### Exercise requirements
Beginning with the first line, please return the entries exactly through the line that contains "[YALAYI雅拉伊]2023.05.02 惬意的悠闲时光 小亭", and leave out all later lines.

### Data provided
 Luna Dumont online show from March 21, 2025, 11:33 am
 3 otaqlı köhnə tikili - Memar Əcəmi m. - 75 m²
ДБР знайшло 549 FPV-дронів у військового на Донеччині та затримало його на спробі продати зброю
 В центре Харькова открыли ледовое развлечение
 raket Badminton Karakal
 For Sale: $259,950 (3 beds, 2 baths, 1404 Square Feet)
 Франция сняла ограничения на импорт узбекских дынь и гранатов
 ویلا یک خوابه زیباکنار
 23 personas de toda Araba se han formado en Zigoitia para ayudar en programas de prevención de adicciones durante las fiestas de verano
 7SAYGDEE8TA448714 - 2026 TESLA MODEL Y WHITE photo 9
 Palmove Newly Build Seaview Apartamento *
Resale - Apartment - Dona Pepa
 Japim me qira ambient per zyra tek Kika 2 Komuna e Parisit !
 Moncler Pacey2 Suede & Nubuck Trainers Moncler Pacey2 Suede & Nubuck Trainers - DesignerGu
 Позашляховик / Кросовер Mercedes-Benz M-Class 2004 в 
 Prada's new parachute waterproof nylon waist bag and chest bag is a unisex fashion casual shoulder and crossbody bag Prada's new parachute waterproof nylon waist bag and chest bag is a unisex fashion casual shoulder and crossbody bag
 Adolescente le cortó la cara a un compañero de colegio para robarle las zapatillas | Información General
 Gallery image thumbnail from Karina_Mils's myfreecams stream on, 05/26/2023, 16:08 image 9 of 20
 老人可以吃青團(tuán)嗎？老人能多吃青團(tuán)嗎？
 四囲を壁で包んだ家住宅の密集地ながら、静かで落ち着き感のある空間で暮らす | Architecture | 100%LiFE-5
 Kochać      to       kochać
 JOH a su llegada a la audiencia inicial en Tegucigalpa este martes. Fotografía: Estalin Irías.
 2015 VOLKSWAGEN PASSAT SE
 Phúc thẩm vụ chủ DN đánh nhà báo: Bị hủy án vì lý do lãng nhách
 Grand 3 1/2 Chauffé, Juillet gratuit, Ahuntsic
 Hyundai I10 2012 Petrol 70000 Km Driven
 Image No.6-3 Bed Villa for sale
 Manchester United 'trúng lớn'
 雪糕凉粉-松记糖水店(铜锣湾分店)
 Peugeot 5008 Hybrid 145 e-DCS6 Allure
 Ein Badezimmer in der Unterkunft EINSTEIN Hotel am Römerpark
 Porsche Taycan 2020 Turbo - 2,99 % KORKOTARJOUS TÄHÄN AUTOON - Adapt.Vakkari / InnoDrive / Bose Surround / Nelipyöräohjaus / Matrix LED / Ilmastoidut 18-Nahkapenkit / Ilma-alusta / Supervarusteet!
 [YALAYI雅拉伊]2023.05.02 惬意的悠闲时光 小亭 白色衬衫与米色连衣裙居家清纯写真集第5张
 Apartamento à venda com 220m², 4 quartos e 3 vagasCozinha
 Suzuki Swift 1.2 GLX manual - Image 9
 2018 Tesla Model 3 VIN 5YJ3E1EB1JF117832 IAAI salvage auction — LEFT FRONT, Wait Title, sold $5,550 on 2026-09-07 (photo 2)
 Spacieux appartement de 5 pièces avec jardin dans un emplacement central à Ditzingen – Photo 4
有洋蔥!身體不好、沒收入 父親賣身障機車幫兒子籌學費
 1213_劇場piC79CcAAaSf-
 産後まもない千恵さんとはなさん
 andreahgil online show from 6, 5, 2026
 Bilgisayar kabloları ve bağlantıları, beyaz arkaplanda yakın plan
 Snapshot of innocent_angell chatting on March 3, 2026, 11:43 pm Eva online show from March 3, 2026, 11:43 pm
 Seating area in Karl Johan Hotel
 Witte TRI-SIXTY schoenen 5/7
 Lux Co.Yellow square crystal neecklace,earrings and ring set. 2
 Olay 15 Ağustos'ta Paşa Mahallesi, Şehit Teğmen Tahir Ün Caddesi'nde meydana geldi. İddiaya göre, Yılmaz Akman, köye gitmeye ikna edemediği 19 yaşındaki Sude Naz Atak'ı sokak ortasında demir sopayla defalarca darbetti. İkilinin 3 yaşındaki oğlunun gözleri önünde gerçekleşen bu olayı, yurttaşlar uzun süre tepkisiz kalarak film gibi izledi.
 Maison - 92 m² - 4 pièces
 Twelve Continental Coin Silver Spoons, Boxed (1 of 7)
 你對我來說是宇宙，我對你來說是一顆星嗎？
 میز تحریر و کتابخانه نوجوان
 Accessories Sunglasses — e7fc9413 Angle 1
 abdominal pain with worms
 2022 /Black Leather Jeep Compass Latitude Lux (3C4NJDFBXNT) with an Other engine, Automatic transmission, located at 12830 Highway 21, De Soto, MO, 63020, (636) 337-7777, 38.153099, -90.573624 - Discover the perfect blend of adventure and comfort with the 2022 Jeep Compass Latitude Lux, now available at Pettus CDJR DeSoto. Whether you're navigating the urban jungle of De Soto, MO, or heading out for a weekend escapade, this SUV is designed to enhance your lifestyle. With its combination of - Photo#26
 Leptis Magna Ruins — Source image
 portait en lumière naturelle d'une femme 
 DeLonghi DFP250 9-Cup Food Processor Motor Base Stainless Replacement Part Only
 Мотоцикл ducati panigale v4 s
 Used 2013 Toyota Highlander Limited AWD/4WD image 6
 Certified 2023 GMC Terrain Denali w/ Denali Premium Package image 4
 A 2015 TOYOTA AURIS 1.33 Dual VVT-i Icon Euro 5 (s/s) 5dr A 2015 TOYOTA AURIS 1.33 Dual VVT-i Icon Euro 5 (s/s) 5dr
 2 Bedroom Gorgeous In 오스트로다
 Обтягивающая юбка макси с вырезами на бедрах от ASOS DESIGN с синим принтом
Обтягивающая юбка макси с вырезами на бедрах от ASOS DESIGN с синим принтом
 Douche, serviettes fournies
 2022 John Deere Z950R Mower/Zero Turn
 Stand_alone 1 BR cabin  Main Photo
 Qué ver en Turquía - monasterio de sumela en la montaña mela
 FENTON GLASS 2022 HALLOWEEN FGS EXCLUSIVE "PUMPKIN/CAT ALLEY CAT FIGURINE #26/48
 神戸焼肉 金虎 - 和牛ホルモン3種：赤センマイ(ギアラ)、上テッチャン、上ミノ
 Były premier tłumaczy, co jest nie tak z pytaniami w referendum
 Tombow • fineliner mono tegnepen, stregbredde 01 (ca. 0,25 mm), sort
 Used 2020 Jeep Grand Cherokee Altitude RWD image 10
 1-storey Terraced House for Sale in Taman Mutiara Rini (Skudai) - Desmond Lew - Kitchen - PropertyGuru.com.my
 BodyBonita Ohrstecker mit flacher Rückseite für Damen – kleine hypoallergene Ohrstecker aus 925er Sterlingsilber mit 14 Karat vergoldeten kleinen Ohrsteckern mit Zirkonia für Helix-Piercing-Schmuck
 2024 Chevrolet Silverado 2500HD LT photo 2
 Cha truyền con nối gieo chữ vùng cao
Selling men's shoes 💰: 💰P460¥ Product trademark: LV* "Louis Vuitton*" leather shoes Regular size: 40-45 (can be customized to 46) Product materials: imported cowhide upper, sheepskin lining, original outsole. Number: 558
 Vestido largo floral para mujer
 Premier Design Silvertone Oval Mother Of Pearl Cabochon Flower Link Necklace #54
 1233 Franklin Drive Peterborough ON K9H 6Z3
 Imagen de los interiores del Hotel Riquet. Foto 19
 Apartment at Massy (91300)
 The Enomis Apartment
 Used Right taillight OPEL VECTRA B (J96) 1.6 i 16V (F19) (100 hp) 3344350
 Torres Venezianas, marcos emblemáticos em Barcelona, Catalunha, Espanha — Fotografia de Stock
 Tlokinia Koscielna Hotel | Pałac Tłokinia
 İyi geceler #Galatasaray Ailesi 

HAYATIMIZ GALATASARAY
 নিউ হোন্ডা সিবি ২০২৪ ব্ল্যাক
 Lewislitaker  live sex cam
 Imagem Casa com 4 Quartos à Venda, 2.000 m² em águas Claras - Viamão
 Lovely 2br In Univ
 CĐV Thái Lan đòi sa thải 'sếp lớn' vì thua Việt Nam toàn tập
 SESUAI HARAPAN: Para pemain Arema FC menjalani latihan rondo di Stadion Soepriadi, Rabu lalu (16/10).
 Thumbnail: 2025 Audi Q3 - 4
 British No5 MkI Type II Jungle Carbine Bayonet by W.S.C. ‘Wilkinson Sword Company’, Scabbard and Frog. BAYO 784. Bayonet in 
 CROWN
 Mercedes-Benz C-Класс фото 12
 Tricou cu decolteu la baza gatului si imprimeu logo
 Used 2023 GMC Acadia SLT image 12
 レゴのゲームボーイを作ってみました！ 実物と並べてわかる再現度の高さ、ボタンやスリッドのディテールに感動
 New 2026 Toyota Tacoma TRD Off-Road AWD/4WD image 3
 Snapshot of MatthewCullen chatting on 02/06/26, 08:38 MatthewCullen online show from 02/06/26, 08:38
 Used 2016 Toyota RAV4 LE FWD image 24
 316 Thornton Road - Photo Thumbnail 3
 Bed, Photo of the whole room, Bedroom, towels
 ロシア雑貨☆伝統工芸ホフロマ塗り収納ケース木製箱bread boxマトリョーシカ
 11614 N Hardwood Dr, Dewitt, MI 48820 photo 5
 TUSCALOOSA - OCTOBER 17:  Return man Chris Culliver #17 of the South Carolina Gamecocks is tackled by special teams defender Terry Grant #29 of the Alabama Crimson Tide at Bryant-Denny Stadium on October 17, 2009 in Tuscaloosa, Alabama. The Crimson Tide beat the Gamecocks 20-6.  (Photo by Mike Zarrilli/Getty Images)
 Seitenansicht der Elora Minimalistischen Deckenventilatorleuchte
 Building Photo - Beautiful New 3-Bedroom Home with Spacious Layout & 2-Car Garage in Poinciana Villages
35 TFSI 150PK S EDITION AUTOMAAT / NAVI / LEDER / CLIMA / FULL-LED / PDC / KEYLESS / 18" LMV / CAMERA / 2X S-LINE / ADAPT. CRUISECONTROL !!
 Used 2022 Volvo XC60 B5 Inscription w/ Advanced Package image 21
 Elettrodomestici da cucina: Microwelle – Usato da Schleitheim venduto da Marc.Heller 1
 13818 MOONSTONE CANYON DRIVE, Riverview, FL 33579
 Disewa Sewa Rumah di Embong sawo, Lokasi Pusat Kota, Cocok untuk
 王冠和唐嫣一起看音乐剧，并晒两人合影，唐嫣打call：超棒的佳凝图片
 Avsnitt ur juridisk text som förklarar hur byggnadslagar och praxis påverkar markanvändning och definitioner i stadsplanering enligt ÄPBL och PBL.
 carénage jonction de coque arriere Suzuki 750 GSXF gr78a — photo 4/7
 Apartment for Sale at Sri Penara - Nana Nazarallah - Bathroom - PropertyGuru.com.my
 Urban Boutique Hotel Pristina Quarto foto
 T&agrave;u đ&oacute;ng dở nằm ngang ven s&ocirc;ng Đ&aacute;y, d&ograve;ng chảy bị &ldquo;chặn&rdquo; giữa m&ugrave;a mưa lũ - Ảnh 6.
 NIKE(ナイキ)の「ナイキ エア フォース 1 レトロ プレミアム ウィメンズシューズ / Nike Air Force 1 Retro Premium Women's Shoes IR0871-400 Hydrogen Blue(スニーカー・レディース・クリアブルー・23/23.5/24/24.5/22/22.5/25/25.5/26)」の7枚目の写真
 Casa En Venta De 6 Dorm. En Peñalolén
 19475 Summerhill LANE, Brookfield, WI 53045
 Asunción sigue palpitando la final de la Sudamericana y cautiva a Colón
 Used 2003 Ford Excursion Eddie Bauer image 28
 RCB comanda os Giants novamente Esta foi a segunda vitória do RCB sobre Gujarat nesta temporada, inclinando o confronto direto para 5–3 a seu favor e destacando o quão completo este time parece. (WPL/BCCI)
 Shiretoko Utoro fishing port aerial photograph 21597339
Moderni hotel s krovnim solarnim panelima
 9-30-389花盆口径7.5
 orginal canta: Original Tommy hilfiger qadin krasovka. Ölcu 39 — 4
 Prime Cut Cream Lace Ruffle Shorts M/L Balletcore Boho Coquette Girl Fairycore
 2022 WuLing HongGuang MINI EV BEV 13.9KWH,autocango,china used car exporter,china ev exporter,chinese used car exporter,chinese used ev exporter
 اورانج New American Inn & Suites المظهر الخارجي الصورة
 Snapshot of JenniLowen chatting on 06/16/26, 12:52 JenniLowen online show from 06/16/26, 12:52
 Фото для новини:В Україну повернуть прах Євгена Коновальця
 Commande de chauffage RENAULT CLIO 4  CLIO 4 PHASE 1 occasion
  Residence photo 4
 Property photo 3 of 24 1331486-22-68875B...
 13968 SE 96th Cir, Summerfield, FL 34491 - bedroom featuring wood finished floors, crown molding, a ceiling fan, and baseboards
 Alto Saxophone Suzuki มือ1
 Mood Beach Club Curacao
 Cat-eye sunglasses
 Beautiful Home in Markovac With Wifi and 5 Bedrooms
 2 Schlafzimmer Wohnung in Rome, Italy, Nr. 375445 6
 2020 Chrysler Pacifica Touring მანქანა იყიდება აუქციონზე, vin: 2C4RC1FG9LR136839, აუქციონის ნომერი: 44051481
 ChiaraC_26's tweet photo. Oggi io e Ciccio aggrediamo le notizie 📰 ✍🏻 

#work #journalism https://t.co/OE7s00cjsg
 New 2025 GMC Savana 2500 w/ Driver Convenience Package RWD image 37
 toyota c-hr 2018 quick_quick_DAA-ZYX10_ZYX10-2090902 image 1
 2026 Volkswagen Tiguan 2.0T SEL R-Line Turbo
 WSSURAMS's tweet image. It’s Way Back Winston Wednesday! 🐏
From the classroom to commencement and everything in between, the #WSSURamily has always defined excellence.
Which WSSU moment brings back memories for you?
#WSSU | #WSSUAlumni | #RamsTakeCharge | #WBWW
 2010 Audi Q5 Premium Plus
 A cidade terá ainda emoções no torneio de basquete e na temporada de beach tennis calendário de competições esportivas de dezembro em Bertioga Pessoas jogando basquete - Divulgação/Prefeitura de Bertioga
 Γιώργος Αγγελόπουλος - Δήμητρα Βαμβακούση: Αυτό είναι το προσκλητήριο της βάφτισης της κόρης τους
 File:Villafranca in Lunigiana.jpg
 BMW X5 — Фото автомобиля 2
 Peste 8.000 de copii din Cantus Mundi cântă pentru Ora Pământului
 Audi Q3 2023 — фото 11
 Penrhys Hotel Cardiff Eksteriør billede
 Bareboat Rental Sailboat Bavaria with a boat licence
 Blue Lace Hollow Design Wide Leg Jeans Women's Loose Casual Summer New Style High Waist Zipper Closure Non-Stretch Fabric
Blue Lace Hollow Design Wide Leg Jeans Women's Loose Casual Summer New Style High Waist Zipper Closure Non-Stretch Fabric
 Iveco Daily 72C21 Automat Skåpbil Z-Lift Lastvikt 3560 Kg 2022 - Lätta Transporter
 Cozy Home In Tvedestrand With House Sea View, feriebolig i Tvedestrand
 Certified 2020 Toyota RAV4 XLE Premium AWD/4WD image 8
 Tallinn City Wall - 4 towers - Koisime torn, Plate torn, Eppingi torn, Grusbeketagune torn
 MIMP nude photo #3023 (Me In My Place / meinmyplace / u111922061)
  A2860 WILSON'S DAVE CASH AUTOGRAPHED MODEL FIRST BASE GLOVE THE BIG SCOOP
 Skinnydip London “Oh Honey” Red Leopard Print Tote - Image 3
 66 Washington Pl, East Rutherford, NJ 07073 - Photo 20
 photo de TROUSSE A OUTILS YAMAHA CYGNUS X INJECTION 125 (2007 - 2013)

### Exercise answer
 Luna Dumont online show from March 21, 2025, 11:33 am
 3 otaqlı köhnə tikili - Memar Əcəmi m. - 75 m²
ДБР знайшло 549 FPV-дронів у військового на Донеччині та затримало його на спробі продати зброю
 В центре Харькова открыли ледовое развлечение
 raket Badminton Karakal
 For Sale: $259,950 (3 beds, 2 baths, 1404 Square Feet)
 Франция сняла ограничения на импорт узбекских дынь и гранатов
 ویلا یک خوابه زیباکنار
 23 personas de toda Araba se han formado en Zigoitia para ayudar en programas de prevención de adicciones durante las fiestas de verano
 7SAYGDEE8TA448714 - 2026 TESLA MODEL Y WHITE photo 9
 Palmove Newly Build Seaview Apartamento *
Resale - Apartment - Dona Pepa
 Japim me qira ambient per zyra tek Kika 2 Komuna e Parisit !
 Moncler Pacey2 Suede & Nubuck Trainers Moncler Pacey2 Suede & Nubuck Trainers - DesignerGu
 Позашляховик / Кросовер Mercedes-Benz M-Class 2004 в 
 Prada's new parachute waterproof nylon waist bag and chest bag is a unisex fashion casual shoulder and crossbody bag Prada's new parachute waterproof nylon waist bag and chest bag is a unisex fashion casual shoulder and crossbody bag
 Adolescente le cortó la cara a un compañero de colegio para robarle las zapatillas | Información General
 Gallery image thumbnail from Karina_Mils's myfreecams stream on, 05/26/2023, 16:08 image 9 of 20
 老人可以吃青團(tuán)嗎？老人能多吃青團(tuán)嗎？
 四囲を壁で包んだ家住宅の密集地ながら、静かで落ち着き感のある空間で暮らす | Architecture | 100%LiFE-5
 Kochać      to       kochać
 JOH a su llegada a la audiencia inicial en Tegucigalpa este martes. Fotografía: Estalin Irías.
 2015 VOLKSWAGEN PASSAT SE
 Phúc thẩm vụ chủ DN đánh nhà báo: Bị hủy án vì lý do lãng nhách
 Grand 3 1/2 Chauffé, Juillet gratuit, Ahuntsic
 Hyundai I10 2012 Petrol 70000 Km Driven
 Image No.6-3 Bed Villa for sale
 Manchester United 'trúng lớn'
 雪糕凉粉-松记糖水店(铜锣湾分店)
 Peugeot 5008 Hybrid 145 e-DCS6 Allure
 Ein Badezimmer in der Unterkunft EINSTEIN Hotel am Römerpark
 Porsche Taycan 2020 Turbo - 2,99 % KORKOTARJOUS TÄHÄN AUTOON - Adapt.Vakkari / InnoDrive / Bose Surround / Nelipyöräohjaus / Matrix LED / Ilmastoidut 18-Nahkapenkit / Ilma-alusta / Supervarusteet!
 [YALAYI雅拉伊]2023.05.02 惬意的悠闲时光 小亭 白色衬衫与米色连衣裙居家清纯写真集第5张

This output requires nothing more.